The upshot of this experience is a phenomenon which many have embraced, while others have railed against it – pointing out the many failings in the game which can also be found in MMOs and elsewhere, and which people are now seemingly happy to ignore, where they complained before.
It is simply the difference between friendship and enmity. In Skyrim I feel as though we are friends, we share similar outlooks and opinions, and we work well together. We don’t often stumble over one another, but when we do we can often resolve the issue amicably. As such, I am aware of Skyrim’s failings but find myself far more willing to forgive them, not least of which because Skyrim has highlighted many of my own failings as a player, and yet continues to reward me regardless. With many MMOs, where I have often found myself railing against them even as I played them, I feel as though we are enemies. The game is out for my money –as much of it as it can gather– and everything I find myself doing in the game is built around the tenet that the more time I have to spend with the game the more money the game earns. As such, I am aware of an MMO’s failings and I find myself less willing to forgive them because I can relate most of them to obstructions, barriers and hardships which are unnecessary outside of the context of this MMO model; more though, even those failings which I could happily otherwise ignore are dispersed by that parsimonious prism of experience, until a single complaint spreads into a spectrum of baser issues.
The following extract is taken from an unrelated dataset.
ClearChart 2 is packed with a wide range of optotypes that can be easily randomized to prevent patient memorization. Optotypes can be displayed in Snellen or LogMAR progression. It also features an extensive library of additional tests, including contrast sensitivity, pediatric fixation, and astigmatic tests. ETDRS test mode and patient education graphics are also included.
So Skyrim does indeed cause the player to suffer many of the limits and ludicrosities which have plagued RPGs since gaming began, but it is with these failings accepted that the review scores have been so high. A high score does not reflect a perfect game, it reflects a game which, on balance, has highs which far outweigh the lows. The impression that Skyrim’s positives have left upon me compared to its negatives are as to compare the size of the universe to a grain of sand. Skyrim is not a perfect game, but a game does not have to be perfect and devoid of faults to score highly in the opinion of players and reviewers, what it has to be is a stunning example in its genre.
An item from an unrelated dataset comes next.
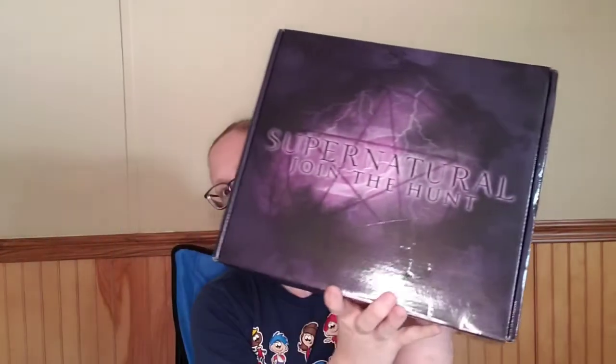But today's video is going to be the Supernatural box unboxing, and I believe this is the spring box. They were just late getting them out — I don't know if it's because of COVID or what. I get the extra small box, and it comes with a little book that has all the other subscription boxes that Culturefly does. The first thing we have here is a Supernatural cereal bowl.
Skyrim is a stunning example of an RPG, not in the sense of stats and grinding loot for advancement, but in the old sense –one would argue the true sense– of playing a role in a game. It is, ultimately, a game of choice.
Choose grind. Choose a job. Choose a career. Choose dailies. Choose fucking big shoulder pads. Choose stats, pots, mats, and tokens. Choose fed ex, low drop rates and kill ten rats. Choose monthly subscription repayments. Choose a raiding guild. Choose your fleeting guild mates. Choose purple gear and matching weapons. Choose a three piece set bonus in a range of fucking tiers. Choose rep grinds and wondering who the fuck you are on a Sunday morning. Choose sitting on that chair watching mind-numbing spirit-crushing game-play, stuffing fucking junk food into your mouth. Choose rotting away at the end of it all, giving away your stuff to strangers, nothing more than a relic to the selfish, fucked-up brats that have spawned in General Chat to replace you. Choose your future. Choose grind. . . But why would I want to do a thing like that? I chose not to choose grind: I chose something else. And the reasons? There are no reasons. Who needs reasons when you’ve got Skyrim?